Bild: »Ich bin Journalistin, weil ich nichts anderes kann«: Botschaft auf der…
Anna Mayr, 30, hat ein Buch mit dem Titel Geld spielt keine Rolle
geschrieben, in dem sie ihren Assimilationsprozess in die
bürgerlich-solvente Mittelschicht beschreibt. Mayr wuchs mit zu wenig Geld
auf, nun ist sie Zeit-Redakteurin, kauft ein Sofa für 2.000 Euro, trinkt
Aperol Spritz für 15 Euro und versucht damit klarzukommen, »Teil dieser
Verlogenheit« zu sein, dass sie den Wohlstand ihrer Leistung zu verdanken
habe.
taz FUTURZWEI: Frau Mayr, was ist das Problem mit Trüffel-Pizza,
Eames-Vitra-Stühlen und Bugaboo-Kinderwägen?

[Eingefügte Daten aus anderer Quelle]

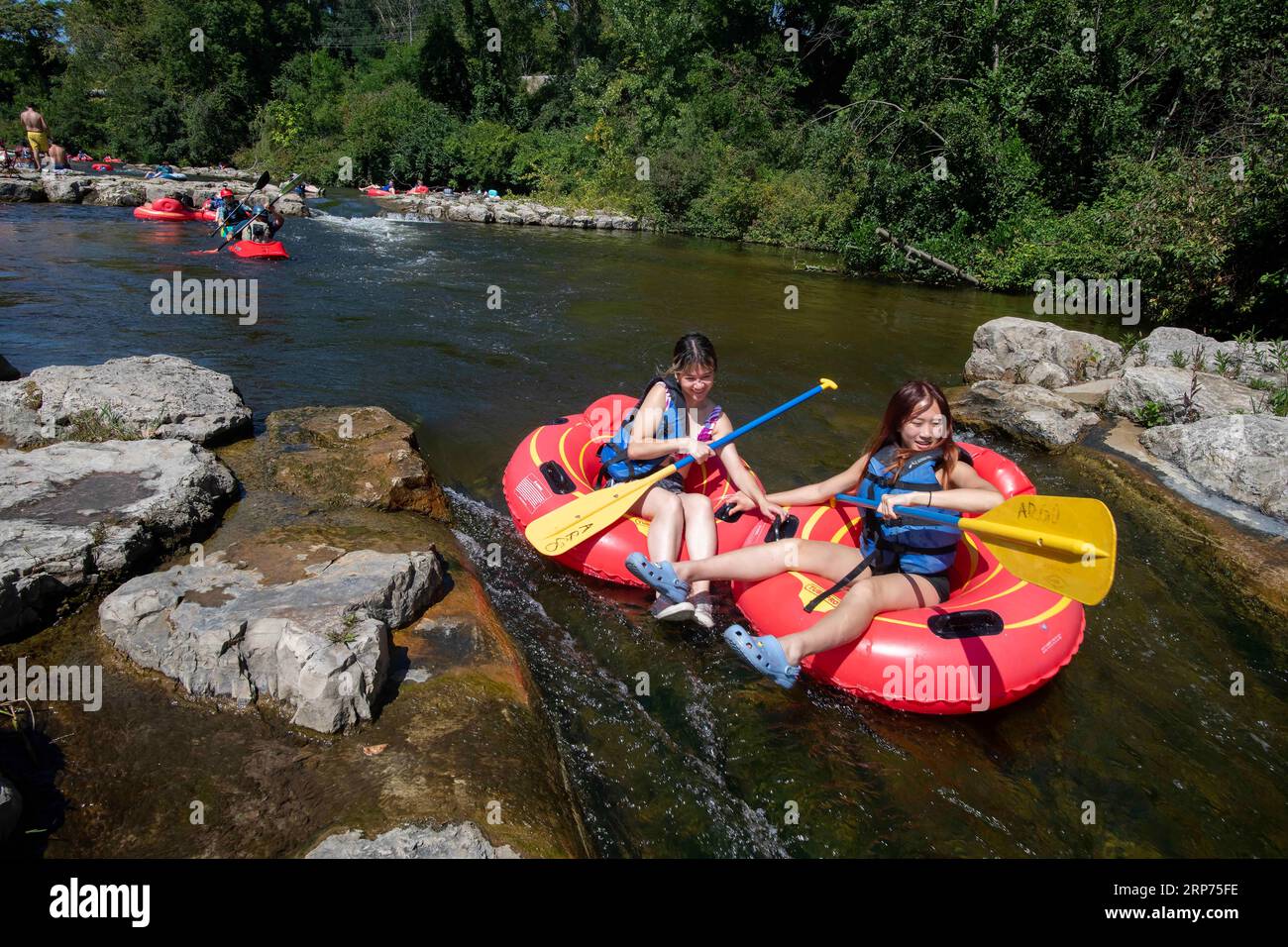 Kids tubing down river in hi-res stock photography and images - Alamy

Anna Mayr: Eames-Vitra-Stühle kenne ich, ehrlich gesagt, noch nicht, aber
ich habe natürlich direkt Lust, sie kennenzulernen — ein gesellschaftliches
Problem gibt es damit nicht. Aber: Als ich vor ein paar Jahren bei uns
durch die Straße gegangen bin und die Wohnungen mit den bodentiefen
Fenstern das Licht anhatten, habe ich zu meinem Mann gesagt: »Die haben ja
alle die gleichen Lampen und Sofas wie wir.« Die meisten Leute haben,
glaube ich, gar keinen Geschmack. Man kauft nicht die Möbel, die man schön
findet, sondern die, die zum eigenen Milieu passen.

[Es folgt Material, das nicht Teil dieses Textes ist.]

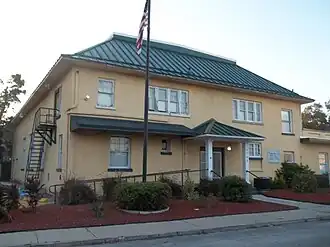 A two-story tan building with green roof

Sind Menschen mit viel Geld Ihnen unsympathisch?
Ich würde so nie pauschal über eine Gruppe von Menschen urteilen. Ich kann
nur beschreiben, wie sie im gesellschaftlichen Gefüge dastehen. Studien
zeigen, dass viel Geld zu unsolidarischem Umgang damit führt. Geld macht
schäbig. Menschen mit viel Geld entscheiden sich im Zweifel dafür, darauf
zu sitzen, anstatt es abzugeben, und wählen Parteien, die ihnen
versprechen, dass sie all ihr Geld behalten dürfen. Natürlich ist das
egoistisch, aber das sind wir alle.
Sie beschäftigten und bezahlten eine Katzen-Therapeutin für 225 Euro. Ist
das okay, weil Sie etwas geleistet haben?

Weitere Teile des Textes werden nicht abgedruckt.